EXERCISE MATERIAL
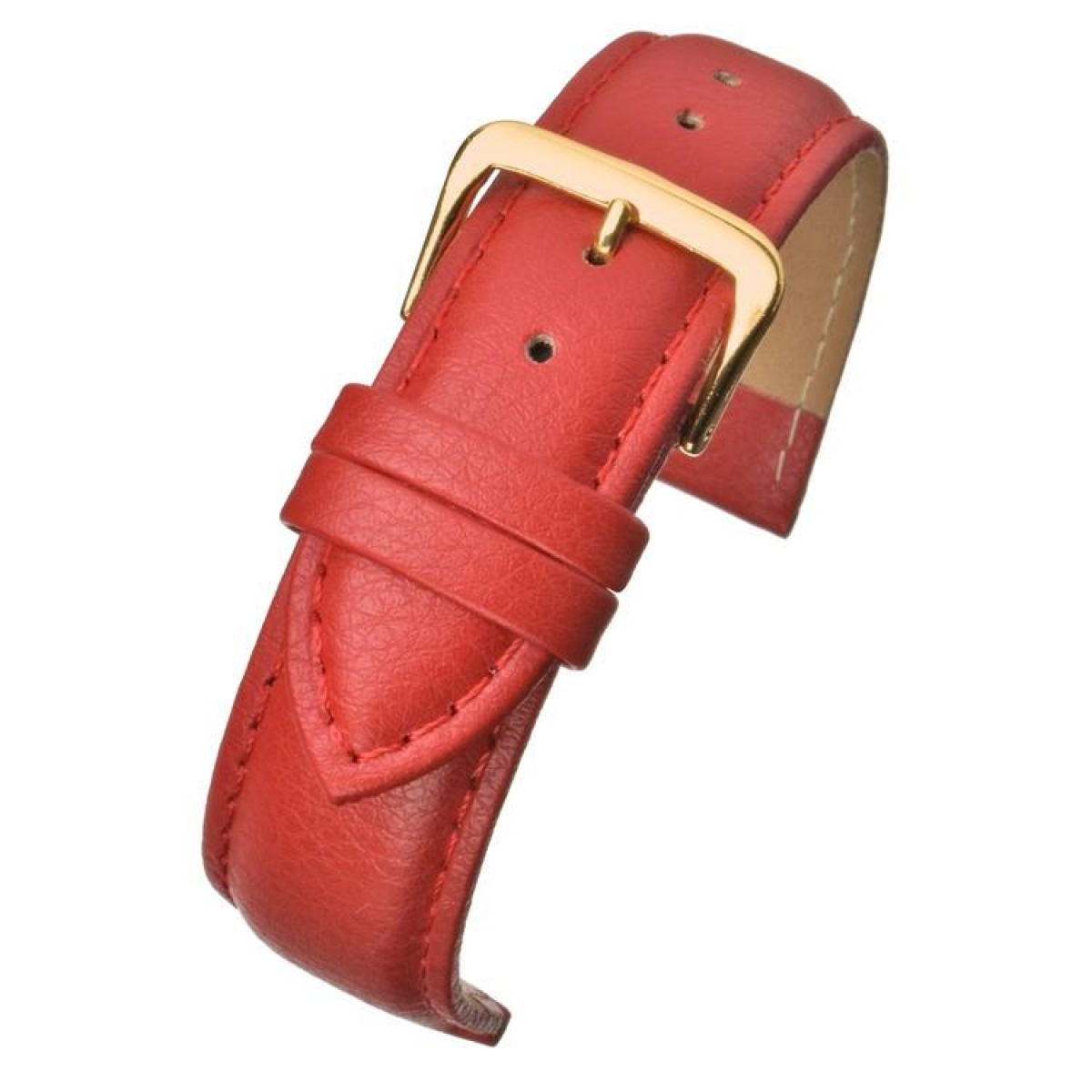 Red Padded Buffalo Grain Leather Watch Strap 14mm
...
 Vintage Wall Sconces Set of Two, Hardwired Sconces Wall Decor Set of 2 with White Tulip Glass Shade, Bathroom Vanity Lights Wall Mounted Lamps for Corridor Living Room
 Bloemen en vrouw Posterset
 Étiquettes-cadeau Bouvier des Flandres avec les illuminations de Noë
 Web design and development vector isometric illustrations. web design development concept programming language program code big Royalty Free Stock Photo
---
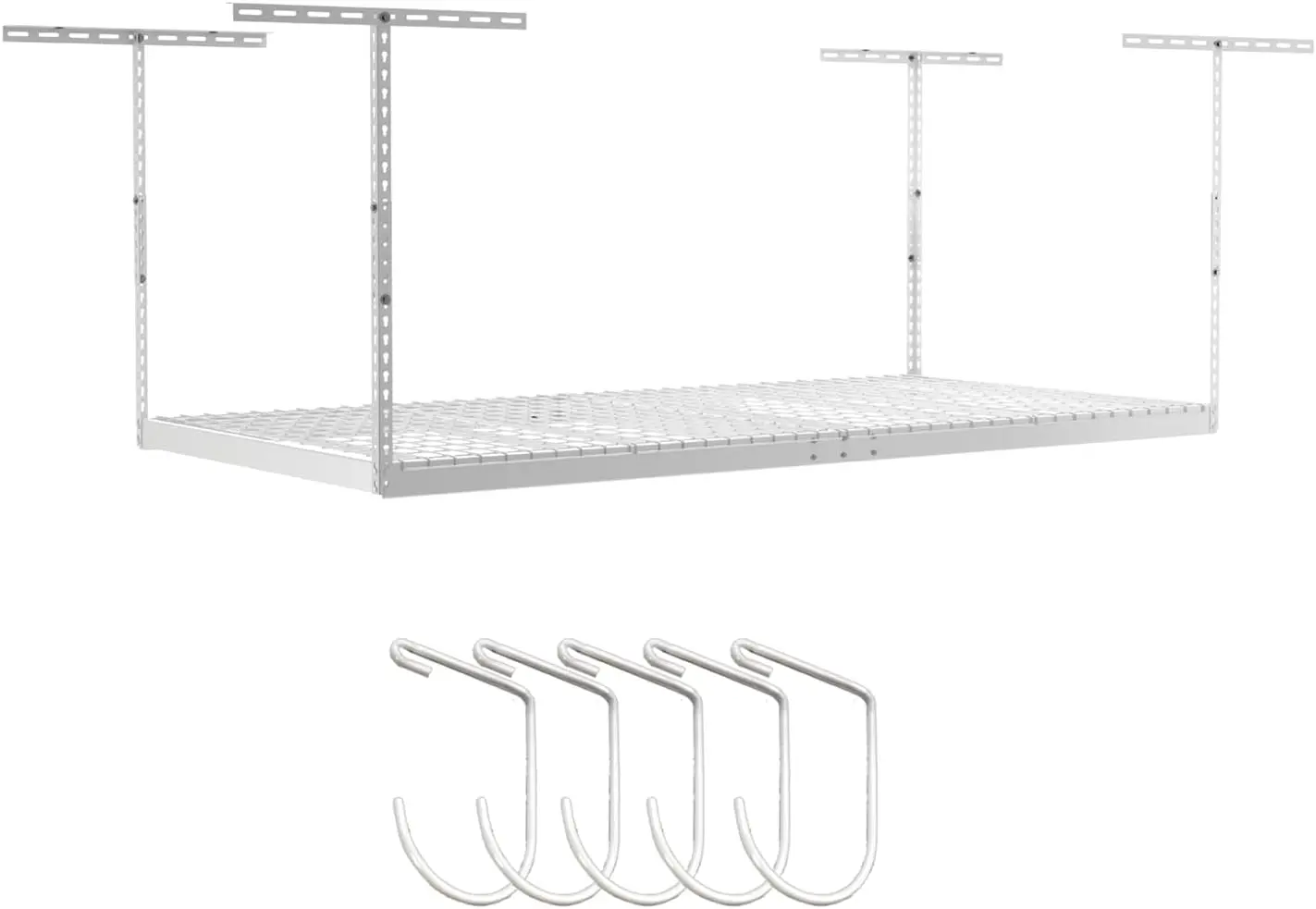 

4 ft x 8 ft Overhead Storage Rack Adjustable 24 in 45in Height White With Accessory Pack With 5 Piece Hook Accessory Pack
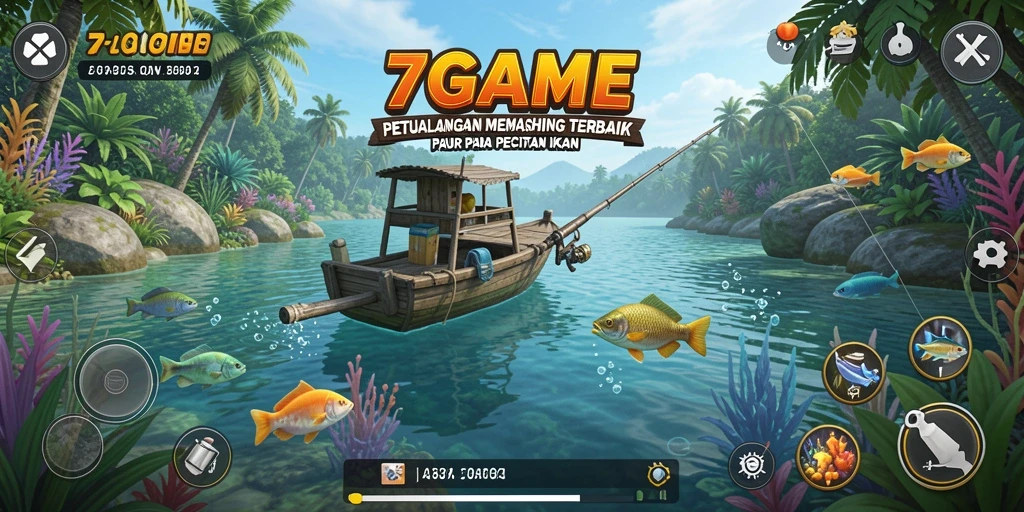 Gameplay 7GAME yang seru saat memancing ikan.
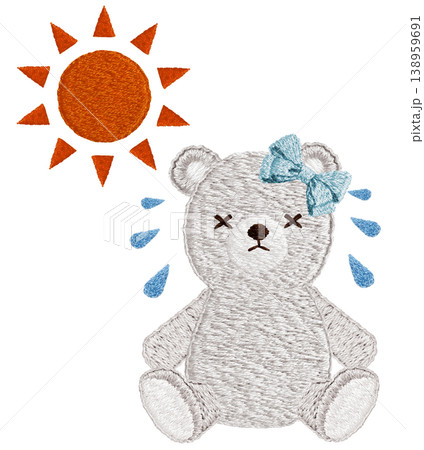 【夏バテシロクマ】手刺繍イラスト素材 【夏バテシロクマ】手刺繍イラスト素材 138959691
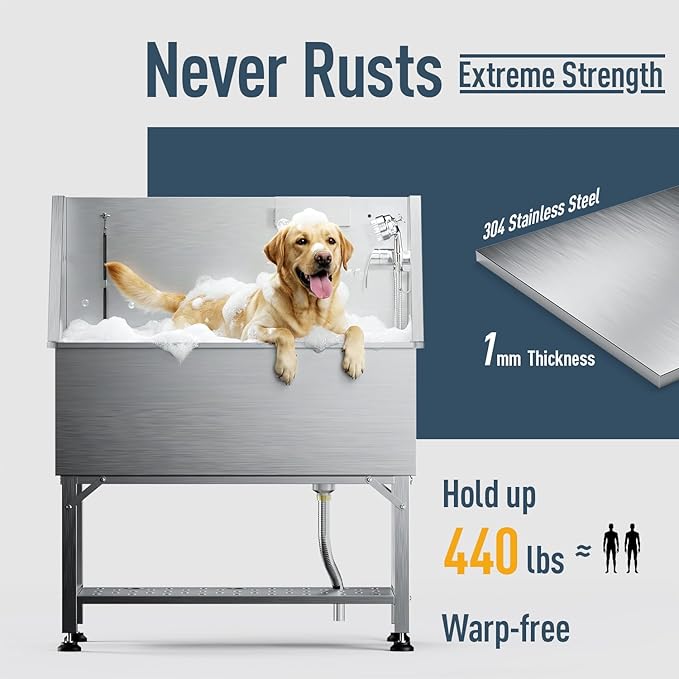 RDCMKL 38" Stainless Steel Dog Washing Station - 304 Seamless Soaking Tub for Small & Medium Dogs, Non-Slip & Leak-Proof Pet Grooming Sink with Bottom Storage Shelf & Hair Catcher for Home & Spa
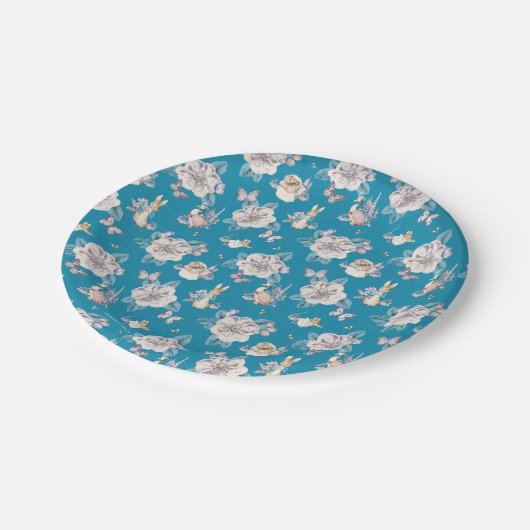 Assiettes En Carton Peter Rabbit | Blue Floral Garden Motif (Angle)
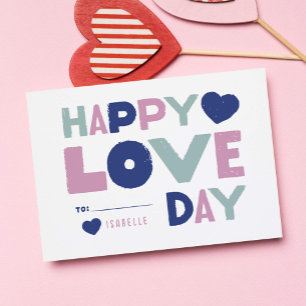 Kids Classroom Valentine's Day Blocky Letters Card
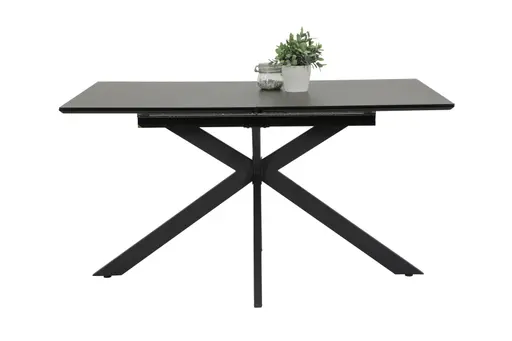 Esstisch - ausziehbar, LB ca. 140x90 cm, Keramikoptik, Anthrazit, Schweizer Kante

WHAT YOU HAVE TO DO
Would you transcribe the lines above exactly, going from the line bearing "Assiettes En Carton" through the line bearing "Esstisch - ausziehbar, LB", and drop the pictures from the copy?

TASK OUTPUT
 Assiettes En Carton Peter Rabbit | Blue Floral Garden Motif (Angle)
 Kids Classroom Valentine's Day Blocky Letters Card
 Esstisch - ausziehbar, LB ca. 140x90 cm, Keramikoptik, Anthrazit, Schweizer Kante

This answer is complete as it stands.